Making sense of AWS re:Invent
Amazon releases loads of new services
Amazon released quite a lot of new services at AWS re:Invent (check out my previous blog post summarising the main announcements). 61 new services or significant updates to existing services. Clearly they’ve been very busy.
But why these services in particular? What’s driving them to creating these particular features in their platform, and how do they know people will want them? What does it mean for us? My job at Kainos is to build and design computer systems and it means that Amazon (and Azure, and Google Cloud) are constantly changing the playing field when it comes to understanding the landscape of what technology is available to solve your problems and which things you have to build yourself.
It’s not random
Amazon aren’t just releasing services based on what’s interesting to their engineers, or what might be cool. They’re not even just getting their ideas from customer feedback and following market trends. In a lot of cases Amazon are releasing services that just don’t exist out there, for whom there is no comparable competitor - aside from the stuff that people are building themselves.
Part of Amazon’s strategy is and has long been to remove ‘undifferentiated heavy lifting’ - and that doesn’t just mean to go around mopping up all the low level configuration hassle people are having on top of their existing services and turning it into a managed service (e.g. Elastic Kubernetes Service) but they’re pushing further up the value chain towards their customers’ own domains and taking those things people are doing the same across the platform and making those things into new managed services, to build another layer of abstraction on top (e.g. AWS Fargate).
So what does that mean?
What it means is that if your job is to build things on top of computer platforms and low-level abstractions (i.e. most ISVs, development companies, outsourcing companies, consulting companies) then what you consider a low-level abstraction needs to change. At Kainos we focus our efforts on doing difficult digital transformation and development work, and we want to spend our customer’s time and money as best we can to solve the particular unique problems they have and not on low-level things that we have to do just because it’s a required building block.
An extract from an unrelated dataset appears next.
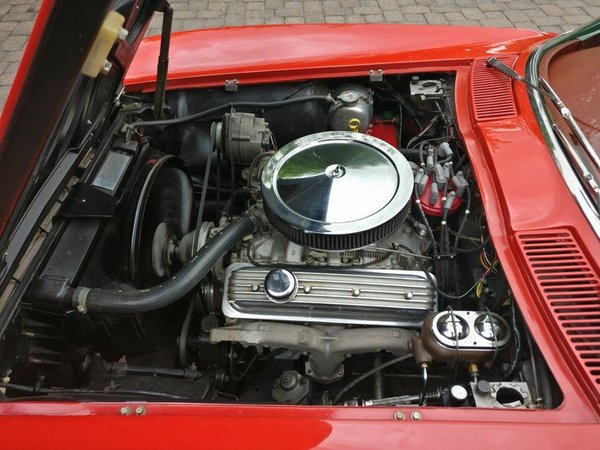 1963 Chevrolet Corvette for Sale $59,900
Take a Machine Learning example
If you want to take advantage of the improved access to large-scale compute and better machine learning frameworks to build a system for your customer that uses machine learning algorithms to, for example, do fraud detection on insurance applications then there’s still a load of work you need to do in order that isn’t actually related to insurance fraud.
Let’s look at a simplified view of the current process of developing this ML based application compared to whether that work is actually stuff you want to do, i.e. related to the problem domain, or stuff you have to do, i.e. necessary heavy lifting in order to get the higher order value out of it.
Type of work necessary | Work relevant to customer domain |
---|---|
1. Collect and prepare training data | little, when using common models |
2. Choose and optimise your ML algorithm | some |
3. Set up and manage EC2 nodes for model training | none |
4. Tune and trial different model hyperparameters | little |
5. Deploy model onto EC2 nodes for production inference use | none |
6. Scale and manage EC2 nodes in production | none |
Which really means that to take advantage of machine learning you’ve got to have a strong ops capability, and probably some input from people skilled in data science, and it’s going to take quite a bit of effort to actually bring all that compute power to bear to get your app trained, optimised and deployed.
Well, unless you use AWS Sagemaker.
All of the above work is handled by AWS Sagemaker with comparatively very little effort from you. As I mentioned in my previous post about AWS re:Invent, Sagemaker provides model hosting, Jupyter notebooks, distributed training, hyperparameter optimisation, and a deployment platform. You can use common pre-tuned algorithms or bring your own custom algorithm. You can run your model on Apache MXNet, TensorFlow or bring your own framework. Sagemaker will scale up a fleet of EC2 nodes to distribute your training. Sagemaker will also deploy your model for inference on auto-scaled EC2 nodes and you pay only for what you use when it is invoked.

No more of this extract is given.